Everyone said they liked it—probably just being polite. But then they’d point out all sorts of forms in what was essentially formless: birds, ballerinas, dolphins—whatever. I realized that is was a sort of ink-blot test of their psychologies. I learnt a lot about them from W.M.’s painting.

But looking back to it and then forward to my present painting, I see a connection. I would describe my paintings as having no subject, no conscious shape or form. And yet there is an experience to be gained from every one of them. And that’s all that matters.

And not just an experience—but an Experience. A sense, a feeling of harmony, of balance, of peace. Hopefully, of Love. For Love is the only True Experience.
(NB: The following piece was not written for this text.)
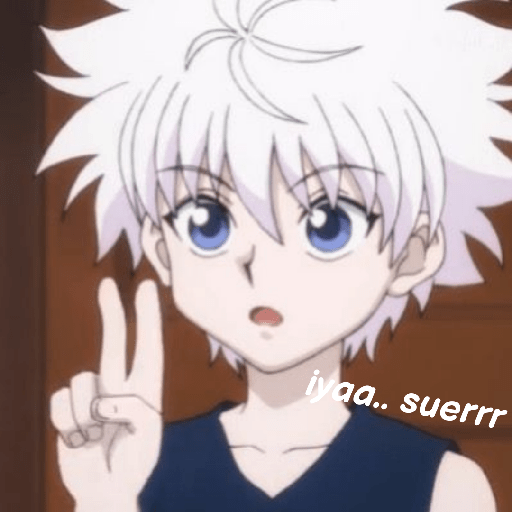 Ayng killua 12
Every person, every object, every event—every experience—is a sort of Rorschach test. On each we project a particular aspect of our unconscious. Nearly always from the superficial unconscious—a particular admixture of versions of love and hate. Some stimuli, however, can actuate our projection not from the superficial unconscious but from the Deep Unconscious of Pure Love. But, again it is the Love within us, our Souls, that we project onto the other.

Of course, the saint only ever projects from the Deep Unconscious, regardless, unlike us, of the nature of the stimulus. The saint only ever projects Love and so it is all he ever experiences.

If you feel It from any of my paintings, don’t thank me, but thank Whatever brought it about through me. I had no more to do with it than the worms. Perhaps I should sign all my works “W.M.”